Frederick made major improvements in the army, the infrastructure, the judicial system, finance, and the education system. He abolished torture and tolerated religious differences, which earned him the gratitude of his people. He had Sans-Souci palace built in the rococo style and lived there for six months every year. Under Frederick’s enlightened guidance, Berlin became the leading center for art, culture, and research. He wrote poetry and over 30 books and became the symbol of Prussian patriotism.

Frederick’s outstanding military training provided him with excellent leadership skills that would be respected by friend and foe alike, though many reigning houses initially considered him insignificant. This assumption was to be permanently shattered by the beginning of the Seven Years’ War (1756–1763). Frederick’s primary goals were to expand Prussian influence through territorial expansion; his brilliant campaign strategies in various battles achieved this goal. During the War of the Austrian Succession (1740–1748), he annexed parts of Austrian Upper and Lower Silesia. At the same time he instituted more reforms at home: land was reclaimed from swamps for agricultural purposes, and he introduced the turnip and the potato into Prussian agriculture and encouraged German immigration.
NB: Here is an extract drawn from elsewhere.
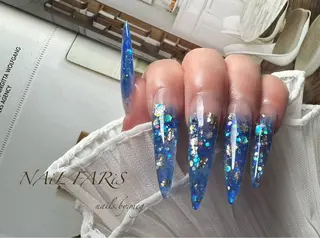 ネイル NAiL FARiS Megのネイルデザイン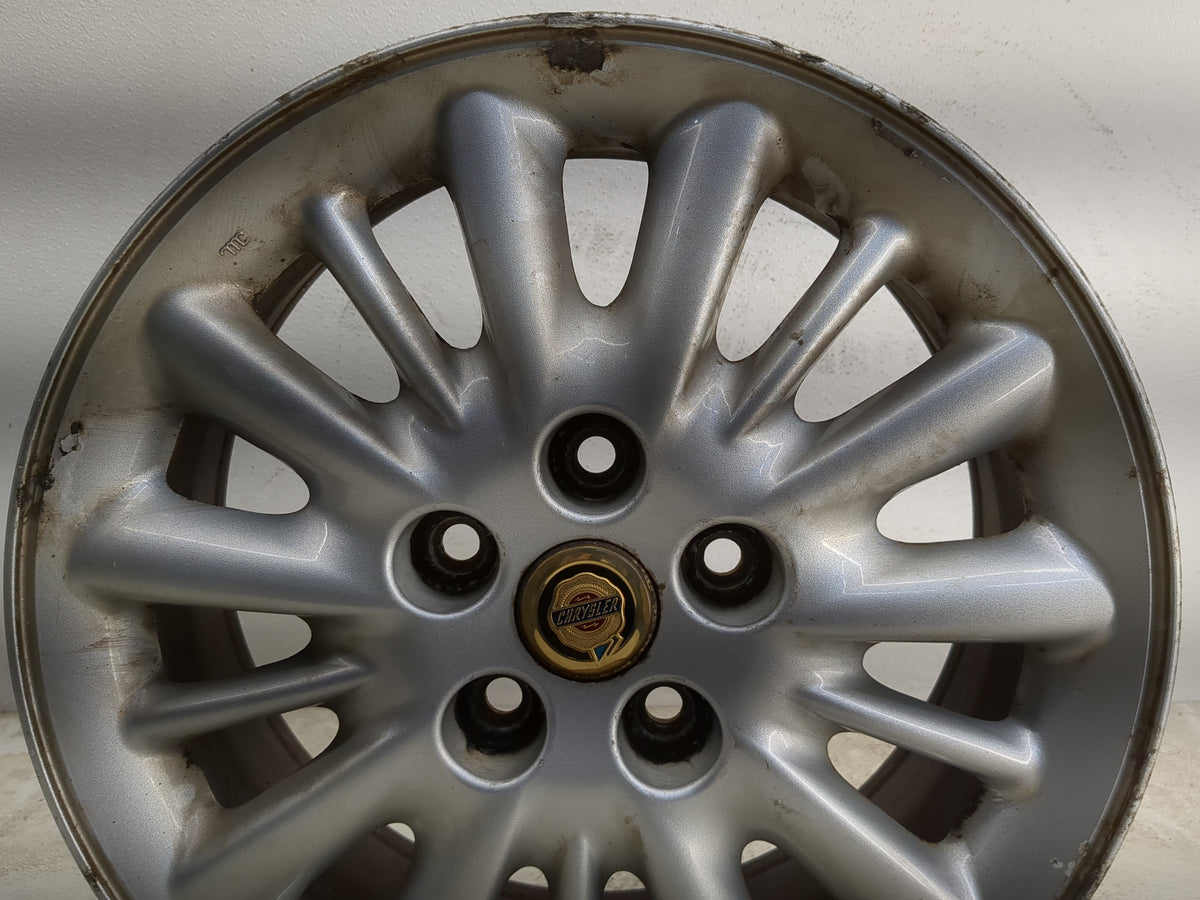 2001-2003 Chrysler Town & Country Oem Wheel Rim 1212736 - Oemusedautoparts1.com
He placed only minor restrictions on domestic trade and used high protective tariffs to protect Prussia’s nascent industry. Canals were built, and the existing system of indirect taxation was reorganized.

On the diplomatic front, Frederick made peace with Tsar Peter III of Russia in an alliance that made possible the three eventual partitions of Poland. The end result of his maneuverings was that by the conclusion of the Seven Years’ War, Prussia had become Europe’s leading power and retained all its conquests. As a result of his impressive battlefield record, Frederick was by this time recognized across Europe as a military genius. Astute diplomacy followed this period of fighting; Frederick instigated the Peace of Hubertusburg on February 15, 1763, and the War of the Bavarian Succession from 1778 to 1779, primarily to prevent Austria from annexing Bavaria. On June 23, 1785, he established the Fürstenbund, a league of rulers, to restrain the designs of Austrian emperor Joseph II. Frederick financially supported Russia in the Russo-Turkish War of 1768–1767.

Frederick died on August 17, 1786, at Sans-Souci in Potsdam. Remembered as Frederick the Great, this imposing ruler genuinely cared for his subjects, who were themselves devoted to their country. He succeeded in making Prussia the most powerful country in The Holy Roman Empire: by the time he died, Frederick had six million subjects and Prussia’s size had increased by 75,000 square kilometers.

FURTHER READING: Asprey, Robert B. Frederick the Great. New York: Ticknor & Fields, 1986; Duffy, Christopher. Frederick the Great: A Military Life. London: Routledge & Kegan Paul, 1985; Gaxotte, Pierre. Frederick II the Great. Translated by R. A. Bell. Westport, CT: Greenwood Press, 1975; Gooch, George P. Frederick II: King of Prussia, 1712–1786. Hamden, CT: Archon Books, 1962; Mitford, Nancy. Frederick the Great. London: Hamish Hamilton, 1970; Palmer, Alan W. Frederick the Great. London: Weidenfeld and Nicolson, 1974; Ritter, G. Frederick the Great: A Historical Profile. Translated by Peter Paret. Berkeley and Los Angeles: University of California Press, 1968.